First off, THE REPORT:

Writing with the writing bud: Check.

Daily hour of writing: Check.

Chapters of Dead Timmy edited: Four.

This post: Done.

RoadblockTHIS POST

Years writing City of the Dead: Six.

Years revising City of the Dead: Ten.

Yep. I’m not proud of it. But there you go. I started writing City of the Dead when I was twelve years old and finally got through the behemoth of a book when I was just shy of eighteen. I’ve spent the last ten years of my life rewriting it over and over. It’s only in the last year that I finally started querying and branching out into other projects.

Assuming that the entire Star Daughter series (which was originally one book) is 300,000 words (total guess), that’s a writing average of 137 words a day. The words preceding this sentence total 136. They took me about two minutes to write. So the problem is clearly not in my fingers’ ability to pound out letters.

I know I’m not alone in this. Why do we writers do this to ourselves? Why spend such a hideously long time on a single project? (I mean, sixteen years. Sixteen years. That’s more than half my life!) I could blame a million little speed bumps along the way, but it really boils down to two major road blocks.

The first was a lack of confidence. Writing was a closet hobby, right back there with my Sailor Moon obsession (possibly even behind my Sailor Moon obsession, if I’m being honest), and I was very eager to not let anybody know about it save for three people. Total. For a decade. It’s kind of hard to decide a project is ready when you know in your heart of hearts that it sucks and everyone’s going to laugh at it and it’s better to just snuggle it in the darkness and pretend it doesn’t exist when someone notices. Getting over that sort of thinking is pretty vital in the publication process.

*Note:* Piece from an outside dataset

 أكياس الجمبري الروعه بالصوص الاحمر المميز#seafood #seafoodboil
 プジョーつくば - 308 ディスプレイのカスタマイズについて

The second reason it took so long to finish (haha, finish, that’s so cute) is that I didn’t have a clear goal in mind for the book. Or for the entire series. Or my course and goals as a writer. It was all free to meander. So meander it did.

Either one of these problems would have been hard to overcome. Combined, they were crippling. I spent years thinking my writing was both terrible and pointless. (To be fair, it was at first. But I could have streamlined the fixing quite a bit.) Writing was something I did when I was taking an emotional beating and needed fictional people to take it out on. It had no value beyond personal catharsis. And personal catharsis is great and all, but eventually it wasn’t enough anymore. So I knew it was time to break down some barriers.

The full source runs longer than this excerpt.